How will universities develop?

Yang Meiping Ann Xu
A recent forum at Tongji University celebrated the school's 112th anniversary.
Yang Meiping Ann Xu
How will universities develop?
Yang Meiping / SHINE

How will the future shape universities and how will universities shape the future? A forum was held recently at Tongji University to answer these questions while celebrating its 112th anniversary.

The forum invited leading scholars and experts from higher education and research fields to share their insights into these questions with a retrospective look at the role universities have played in the development of civilization and the challenges they face in the 21st century.

“How universities might fashion the future in the age of technology? How AI and new technologies can support university organization and management? And what are the challenges universities might face? These are all urgent topics for higher education researchers,” Chen Jie, president of Tongji, told the audience.

As an expert on strategy management, he believes that every era has its core technology, and people who can take the lead in creating and mastering it will determine their status in the times.

Luo Xin, chief reporter, news commentator and host of SMG Dragon TV, stressed the importance of respecting the imagination and exploration desire of the younger generation. And based on the understanding of the university culture by exposing in the editing work around the world, he reinterpreted the future education system in universities.

“The Internet offering is unlimited, there are experiential learning, game-based learning, research-based learning, etc.

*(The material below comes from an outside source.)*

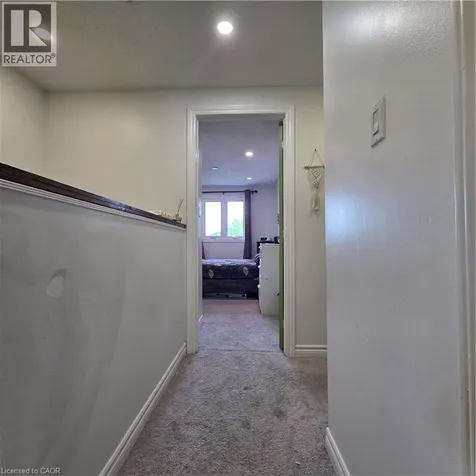 158 Newbury Drive Kitchener ON N2N 2N8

Future students may no longer rely on particular teachers,” Luo said. “The credit-based educational system will eventually be abolished. Teachers and students may be freely deployed in the future.”

He said the Internet is changing the ecosystem of the university. It even disrupts the conventional categorization of disciplines and the fundamental approaches of education.

Two cases shared by Lou Yongqi, dean of Tongji’s College of Design and Innovation, might shed light on the changing education approaches. One case is the NICE2035 project, which seeks to foster rich interactions between the university’s knowledge spillover and the community to co-create future living prototypes together. Another case is the Tongji-Huangpu School of Design and Innovation, which is a high school jointly run by the university and Huangpu District with a new educational framework with 60 percent of the courses subject-based and 40 percent problem/project-based.

Jeffrey S. Lehman, vice chancellor of New York University Shanghai, pointed out the fundamental mission of a university is to prepare its students to live adult lives of personal satisfaction and societal contribution, but there are two forces that will make student’s lives predictably different from their parents’ lives: globalization and artificial intelligence.

He said university students should develop algorithmic thinking, critical analysis, creativity, social perceptiveness, and the ability to persuade to overcome the challenges in “a cosmopolitan age of smart machines.”